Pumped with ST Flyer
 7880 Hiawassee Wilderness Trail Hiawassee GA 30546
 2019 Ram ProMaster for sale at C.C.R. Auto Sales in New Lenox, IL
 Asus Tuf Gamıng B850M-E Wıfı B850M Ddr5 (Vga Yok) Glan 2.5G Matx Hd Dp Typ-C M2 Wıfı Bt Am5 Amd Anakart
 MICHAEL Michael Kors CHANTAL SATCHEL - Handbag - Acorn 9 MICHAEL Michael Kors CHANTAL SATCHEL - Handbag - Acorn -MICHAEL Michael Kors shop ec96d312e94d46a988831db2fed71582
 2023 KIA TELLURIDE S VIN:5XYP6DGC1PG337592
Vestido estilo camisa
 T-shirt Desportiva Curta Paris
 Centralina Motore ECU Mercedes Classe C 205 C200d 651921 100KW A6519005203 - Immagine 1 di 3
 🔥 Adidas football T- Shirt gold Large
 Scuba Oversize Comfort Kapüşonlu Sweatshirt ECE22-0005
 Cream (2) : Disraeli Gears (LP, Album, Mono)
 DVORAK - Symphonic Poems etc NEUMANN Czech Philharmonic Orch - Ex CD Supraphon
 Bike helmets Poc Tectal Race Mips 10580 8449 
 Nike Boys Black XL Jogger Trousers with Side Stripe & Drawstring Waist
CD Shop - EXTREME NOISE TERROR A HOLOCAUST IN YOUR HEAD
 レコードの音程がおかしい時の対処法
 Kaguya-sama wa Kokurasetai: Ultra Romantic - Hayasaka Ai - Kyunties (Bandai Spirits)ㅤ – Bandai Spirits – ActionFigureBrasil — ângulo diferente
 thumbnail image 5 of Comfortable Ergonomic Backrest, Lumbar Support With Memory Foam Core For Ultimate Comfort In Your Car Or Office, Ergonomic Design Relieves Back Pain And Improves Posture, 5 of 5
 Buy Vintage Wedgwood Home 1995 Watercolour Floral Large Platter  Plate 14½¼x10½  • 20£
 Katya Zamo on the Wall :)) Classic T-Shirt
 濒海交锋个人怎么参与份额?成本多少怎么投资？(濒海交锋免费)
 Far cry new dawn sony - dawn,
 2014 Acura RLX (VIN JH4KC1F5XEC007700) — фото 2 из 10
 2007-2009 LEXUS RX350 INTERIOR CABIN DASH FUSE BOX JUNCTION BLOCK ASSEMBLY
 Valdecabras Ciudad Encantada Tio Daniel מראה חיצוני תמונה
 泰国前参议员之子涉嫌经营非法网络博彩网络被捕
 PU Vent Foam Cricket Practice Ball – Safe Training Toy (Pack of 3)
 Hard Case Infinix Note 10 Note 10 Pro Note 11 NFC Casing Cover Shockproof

++++++++++

**Your goal**
Scan the entries above and report the number of lines that contain the word "Large", with no added text.

**Output of the exercise**
2